To do:
Write the listing below out again word for word, without a single picture.

Data:
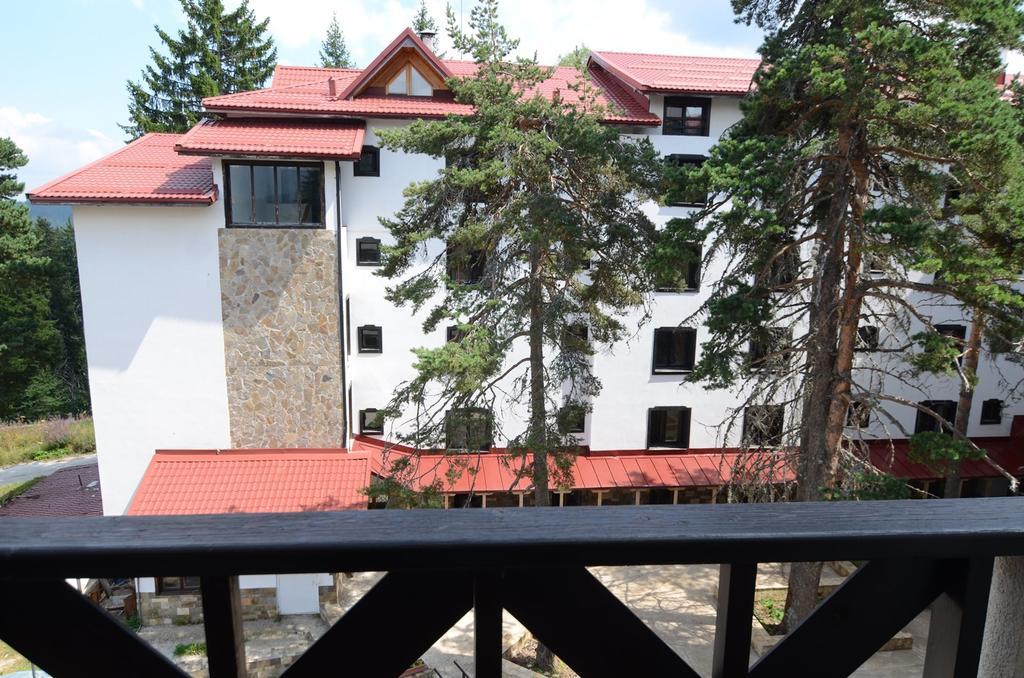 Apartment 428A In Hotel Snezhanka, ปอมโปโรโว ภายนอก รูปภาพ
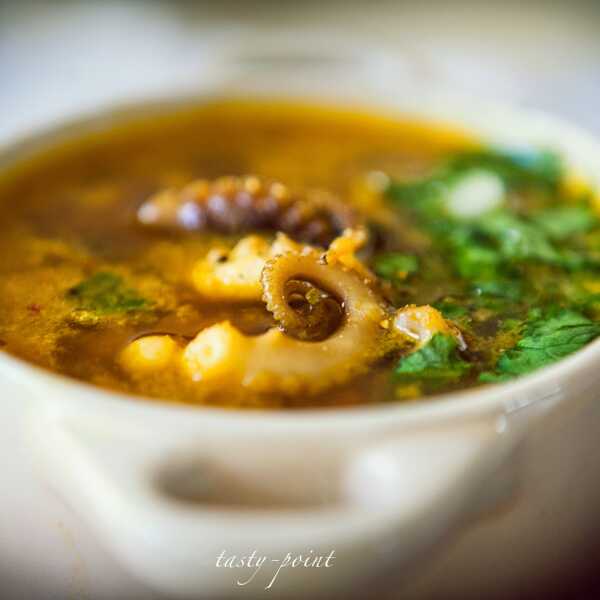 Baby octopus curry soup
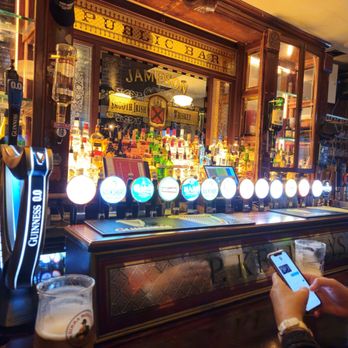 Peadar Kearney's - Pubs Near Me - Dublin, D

Response below:
 Apartment 428A In Hotel Snezhanka, ปอมโปโรโว ภายนอก รูปภาพ
 Baby octopus curry soup
 Peadar Kearney's - Pubs Near Me - Dublin, D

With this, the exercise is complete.